Is. Seriously. Addictive.

This morning's 10km.

I have been running, off and on, for 20 years now. This is the best it has ever been. I remember reading in my late twenties that most athletes reach their peak endurance abilities around age 38; apparently after that is a good 10 year run of peak athletic endurance ability that declines at such a minimal pace I could easily still be running when I'm seventy (maybe with a new knee or two ;))

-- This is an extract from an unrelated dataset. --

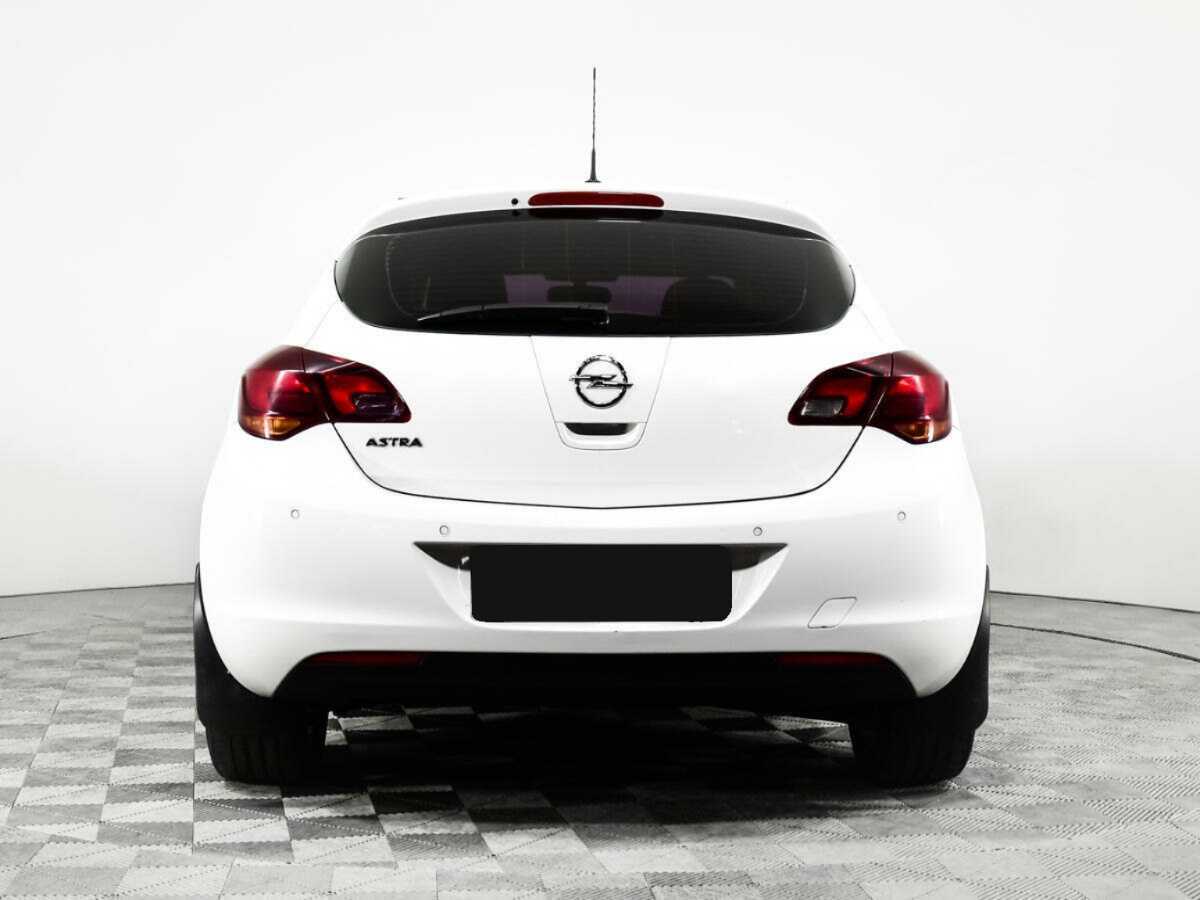 Opel Astra 2012 года с пробегом. Фото: #4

I finally understand the relationships between mechanics, nutrition and performance. I am finally (knock on wood here) injury free. I am finally one of those people who can effortlessly knock off a 15 km trail-run on the weekend. But, I keep asking myself, am I one of those "race-y" people? There is a local race coming up in March that combines a 25km trail run and a 30km MTB ride. The last time I raced MTB'ing was 15 years ago, but at least I've done it. I am confident enough in my skills to know that I could finish a 30km MTB ride and be nowhere near the back of the pack. But, the run terrifies me. Running is such a mental sport and relies so heavily on minutiae that can change from day to day and have great impact on performance. It's fun to be competitive with myself...not sure if I want to compete against others.

Found an inspiring essay here: Tennessee Williams - The Catastrophe of Success - I think it applies to anyone who has "made it" and is feeling that loss of awe with life that seems so prevalent in our society of excess.

Thursday, November 21, 2013

that's absurd

The absurd is born out of this confrontation between the human need and the unreasonable silence of the world. - Camus

I can't remember a time when I haven't been concerned with life's absence of meaning; it used to cause me so much stress. I realised recently that since having children I've learned to create my own sense of meaning and purpose. I have finally achieved the ultimate freedom; no system applies to me anymore, I make my own choices and live the way I want. I know that I read Camus when I was younger, but I didn't fully understand it. I thought it was anarchistic...and in some ways it is, but mainly the intent is to free humans from bondage. What I love most about the idea of absurdism is the concept of this complete and utter personal freedom. It is the ultimate revolt.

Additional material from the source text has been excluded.